If you're walking through the valley
And there are shadows all around
Do not fear, he will guide you
He will keep you safe and sound
he has promised to never leave you
Nor forsake you, and His word is true

We were sinners so unworthy
Still for us He chose to die
Filled us with His Holy Spirit
Now we can stand and testify
That his love is everlasting
And his mercies, they will never end

Though I may not understand
All the plans you have for me
My life is in your hands
And through the eyes of faith
I can clearly see
e


See with our eyes of faith. We may not really understand the plans, but He is GOOD, all the time. He won't lead us to the wrong path. Hold on to Him and move on!!! I'm praying and supporting you always! Love in Christ...

09 March 2008

God Spoke once again

I love to hear God speaks. I enjoy hearing from God. God spoke to me once again on Saturday night through Pastor Chong. My car broke down at Medan Gopeng main road that day. So i called home. I heard my dad yelling and i started to be frustrated. I waited there with my sister for almost an hour. We were hungry and we were waiting for my dad and his foremen. Before I left the center I already told my sister that I felt that something bad is going to happen.

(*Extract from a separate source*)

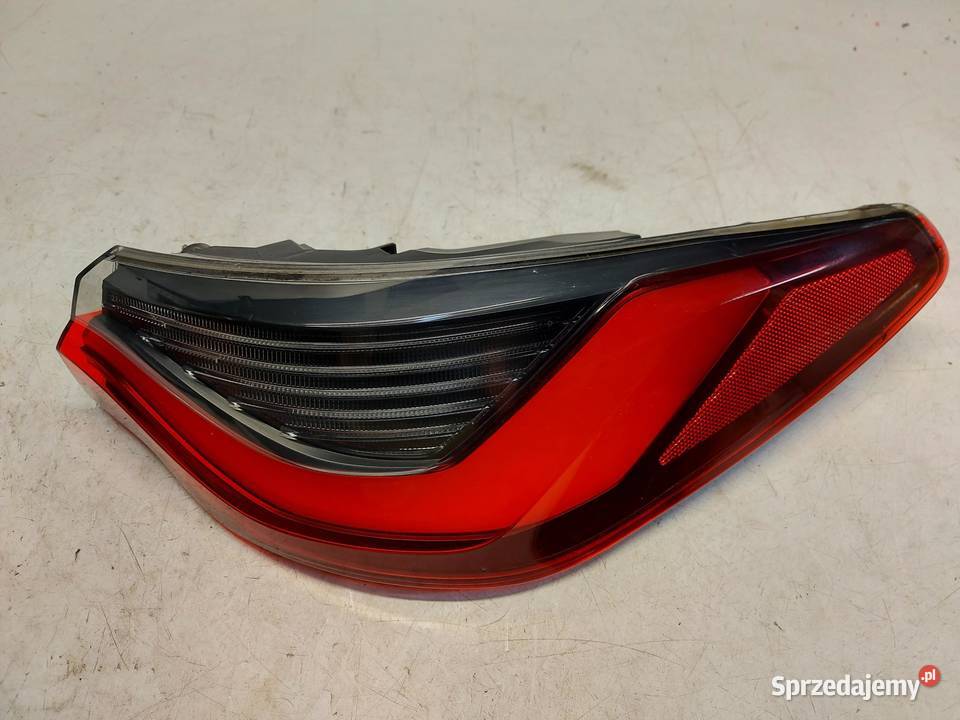 BMW G23 G22 M440i Cabrio Lampa tył prawa LED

It was raining cats and dogs. I was at the left side of the road and an ambulance passed by. I was like, Oh man, why at this time? My dad came and the foremen started my car and I've to go to the bus station to fetch my elder sister. I was not familiar with that place so I got lost and gotta make a U-turn. My dad got frustrated because of that ( I felt it's stupid). He scolded me after the whole thing.

He said he was very disappointed because we didn't know the way etc. A lot of the things that he scolded was wrong. He made wrong assumption and he ignored my feelings. I hid in my room and cried. I really felt like going out to fight back but i did not.

On Saturday night, the pastor shared on 1 Corinthians 9 again. There was one point that he mentioned: We need to let go of our right in order to save a soul. This confirmed that I did it correctly and I've to continue doing this. An incident happened to me lately, and i wanted to pursue further but somebody asked me to let go and she said subject closed. And I let it go. I did not feed my desire by pursuing the truth to justify myself. I did it! Though I was not quite happy about it.

Imagine, if i fight back, what will happen? If I keep looking for justice, what will happen? I will only show them my selfishness instead of peacemaker. I really hope that they will come to know the Lord one day!

I really thank God for this confirmation and I hope and pray that God will continue to working in me so that I can be a better person. Sigh... It's tough though!